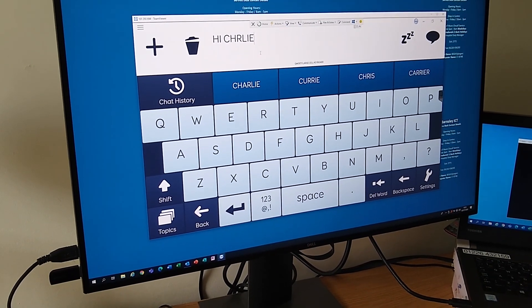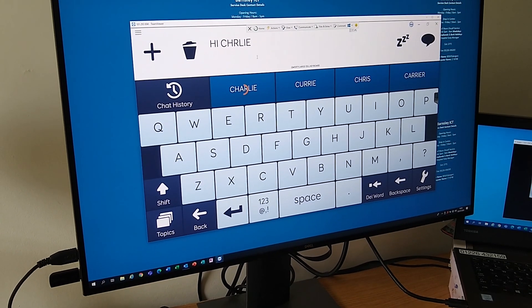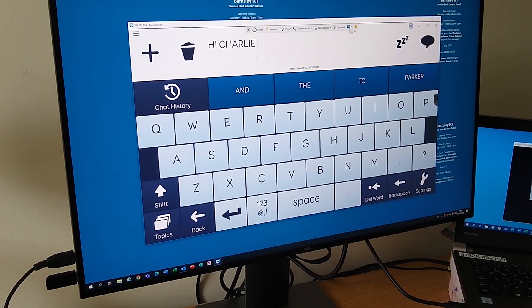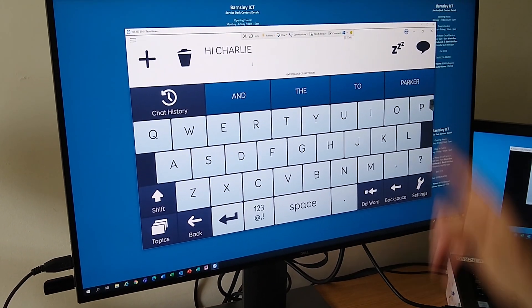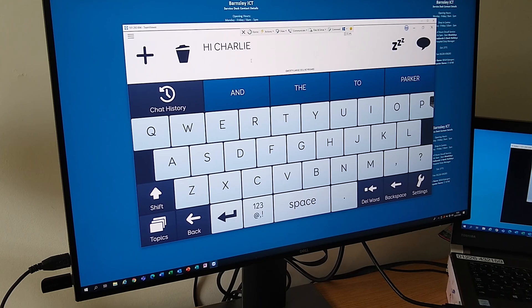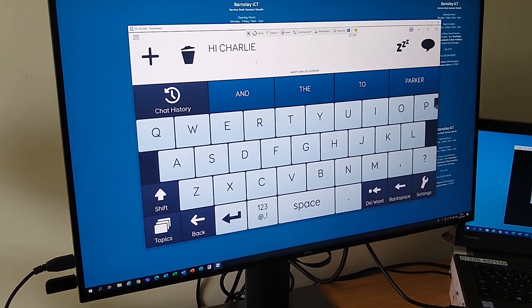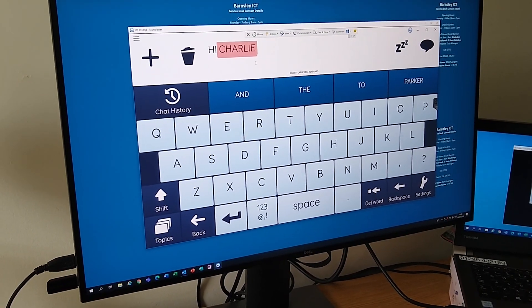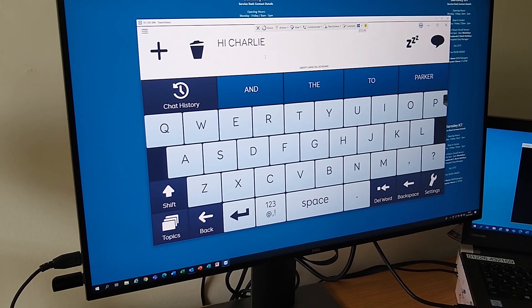You can use the prediction cell there if you want. Great. Do you want to read the message out by going to the speech bubble? Great, thank you very much, Alison.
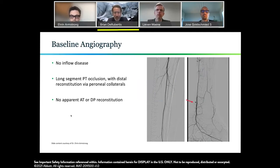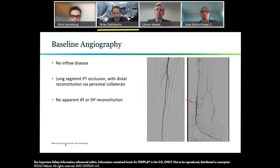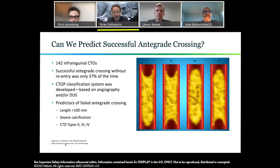This could be a difficult one to recanalize from an antegrade approach because there's not much of a stump of the PT visible. You might be able to probe and find one, but an antegrade approach would be difficult. To find the PT origin, angiography in three orthogonal projections would help, but if it remains hard to find, a retrograde approach would be the first step. Within the absence of a stump, you have to think about how likely it is that you will need retrograde access.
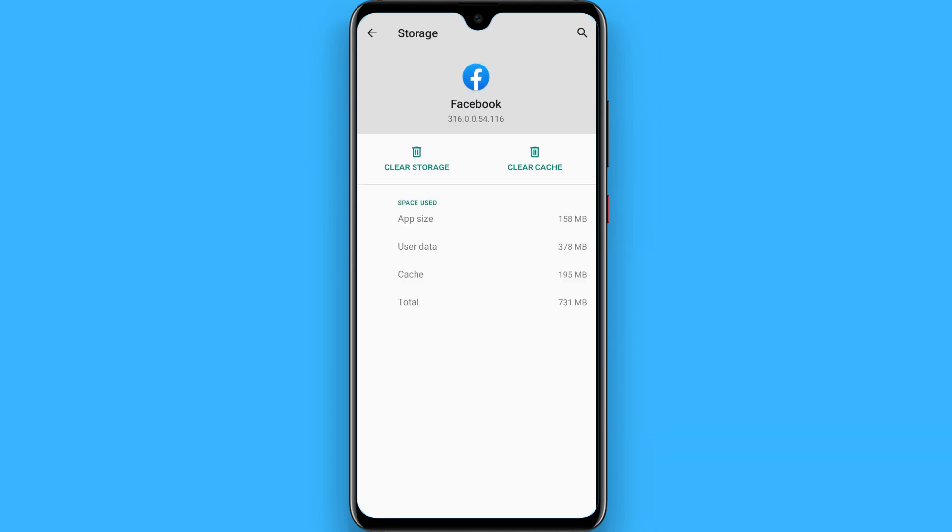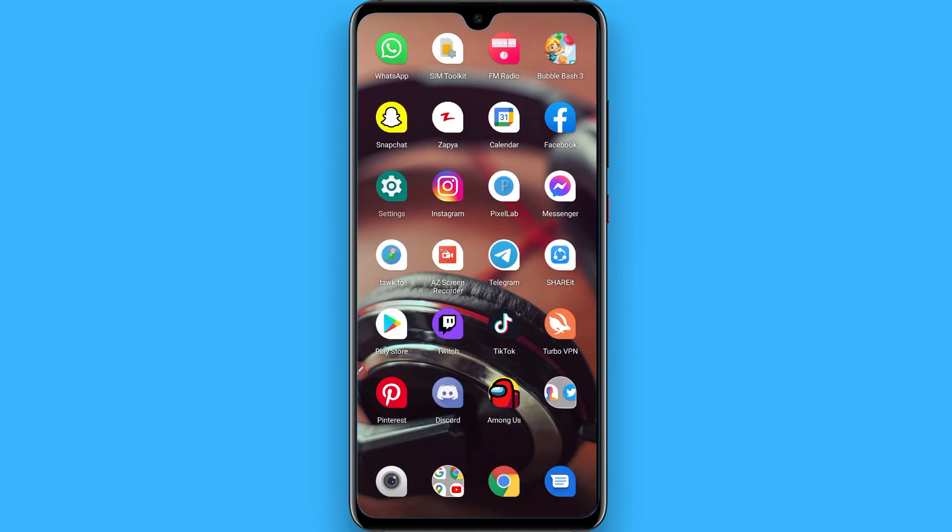Click on clear storage. This will delete all the app data from your mobile and make your app fresh, so maybe you will find the Facebook dark mode option. Hope this video was helpful for you. See you next time, thank you.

* * * *

> WHAT YOU SHOULD DO
Nothing but the pictures should be left out when the material above is copied.

> SOLUTION BELOW
You can use the prediction cell there if you want. Great. Do you want to read the message out by going to the speech bubble? Great, thank you very much, Alison.
This could be a difficult one to recanalize from an antegrade approach because there's not much of a stump of the PT visible. You might be able to probe and find one, but an antegrade approach would be difficult. To find the PT origin, angiography in three orthogonal projections would help, but if it remains hard to find, a retrograde approach would be the first step. Within the absence of a stump, you have to think about how likely it is that you will need retrograde access.
Click on clear storage. This will delete all the app data from your mobile and make your app fresh, so maybe you will find the Facebook dark mode option. Hope this video was helpful for you. See you next time, thank you.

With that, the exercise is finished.